From Dev to Deployment: An End to End Sentiment Classifier App with MLflow, SageMaker, and Streamlit | by Stefano Bosisio | Sep, 2022

By Jessie Hobb On Sep 23, 2022

In this tutorial, we’ll build an NLP app starting from DagsHub-MLflow, then diving into deployment in SageMaker and EC2 with the front end in Streamlit.

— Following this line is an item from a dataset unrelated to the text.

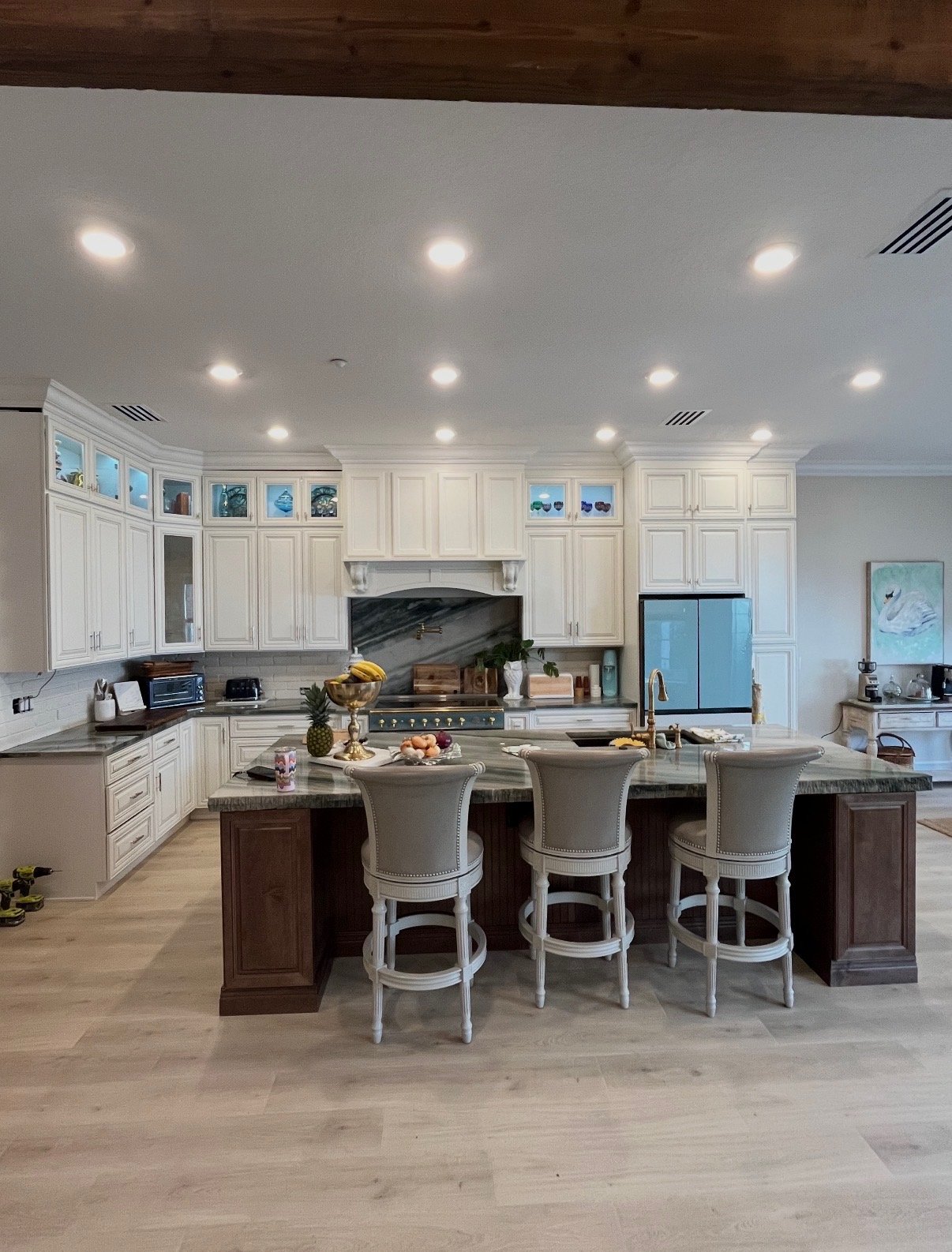 Custom kitchen with wood beam ceiling and waterfall marble island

— 1. Setup DagsHub repo and requirements
— — Create your DagsHub repo
— — Setup the virtual environment
— — Download the data with DVC
— 2a. Launch your very first experiment in MLflow
— — Naive Bayes model as a backbone for sentiment Classification
— — Set up DagsHub MLflow and run experiments
— 2b. Make a more general code to account different models
— 3. Register your model in MLflow and deploy to a SageMaker endpoint
— — Add a model to MLflow registry
— — Set up AWS IAM roles to deploy from MLflow
— — Deploy your registered model to AWS SageMaker
— 4. Deploy a Streamlit app on an EC2 instance and run prediction through your dashboard
— — Create a simple streamlit dashboard app
— — Deploy your dashboard to an EC2 instance
— Pros, Cons, limitations, future work to do
— Conclusions
— Support my writing

Welcome to this new tutorial on Machine Learning. Today we are going to develop a full end-to-end application, from model development to model deployment using the following tools: DagsHub, MLflow, AWS SageMaker, AWS EC2, and Streamlit. In particular we’ll be using DagsHub as our GitHub repo, as it provides an already integrated version of MLflow and data version control dvc. In this way we won’t have to set up a new MLflow server and storage bucket on the cloud, as everything is ready to be used for our new models’ experiments.

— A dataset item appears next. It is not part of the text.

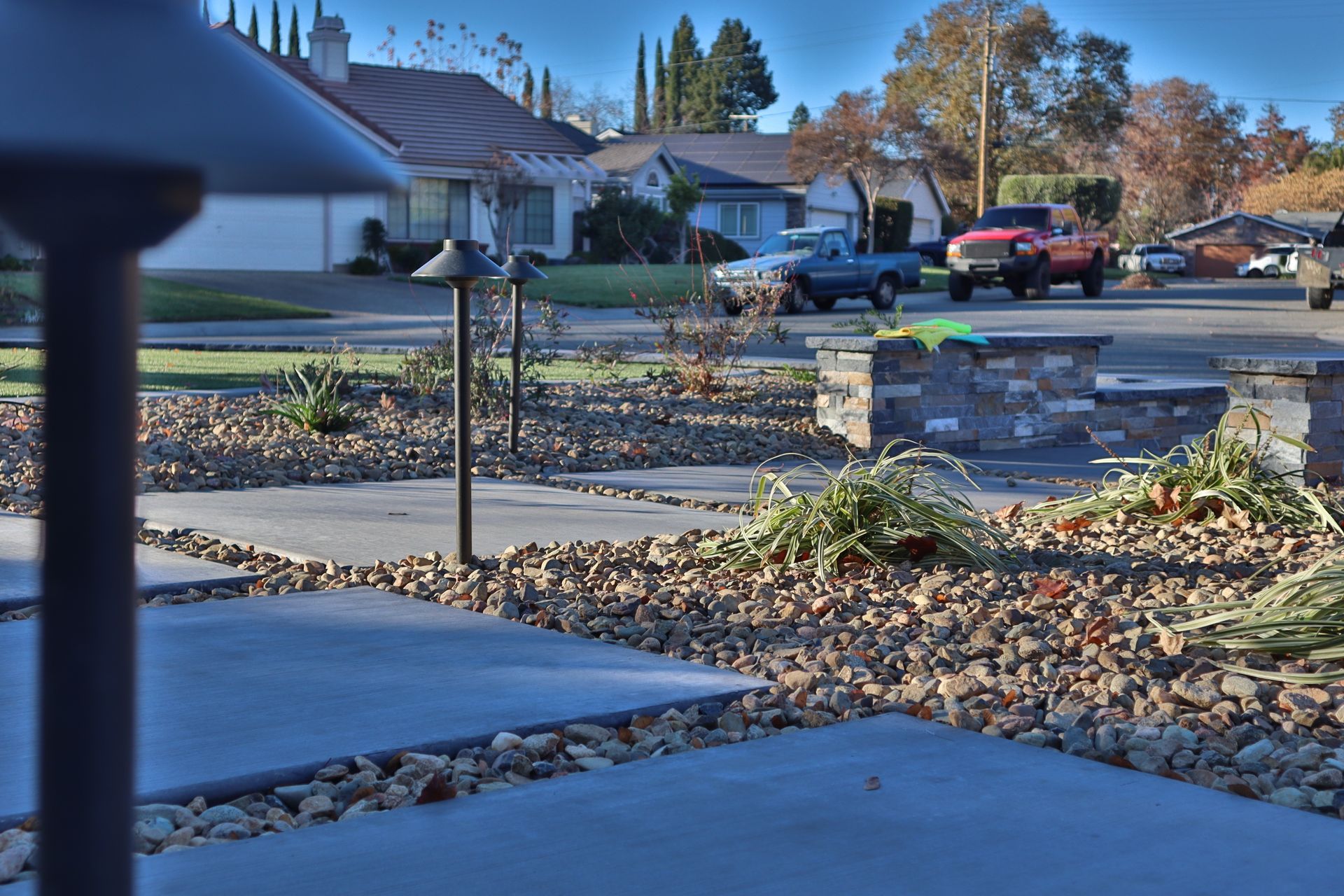 Suburban street scene with homes, landscaping, and parked trucks on a sunny day.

We’ll be implementing sentiment classification models and this is an outline of the work we’ll have to deal with:

We’ll explore how to set up a DagsHub repo and what requirements we need.
We’ll work on a tweet sentiment dataset, analyzing different sklearn models and we’ll track them in MLflow.
Once we’ve learned how to compare models we’ll jump on the MLflow deployment side on AWS SageMaker. We’ll review IAM users and roles and endpoint creation
Finally, we’ll wrap our classification model within a Streamlit app, hosted on an EC2 instance.

Here you can find all the relevant codes I’ll be dealing with today.

Create your DagsHub repo

Fig.1: Create a new DagsHub repo in one click.

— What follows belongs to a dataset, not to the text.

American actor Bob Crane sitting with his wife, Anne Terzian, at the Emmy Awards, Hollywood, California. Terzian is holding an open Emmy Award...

Fig.1 shows how to create a repo in DagsHub. Just click on the“Create” button next to your profile picture, then give a name and a description to the repo and you’re ready to go. Once the repo has been created, differently from Github, you’ll see additional features. If you click on “Remote” the window will show you 3 services offered by DagsHub: Git, DVC, and MLflow.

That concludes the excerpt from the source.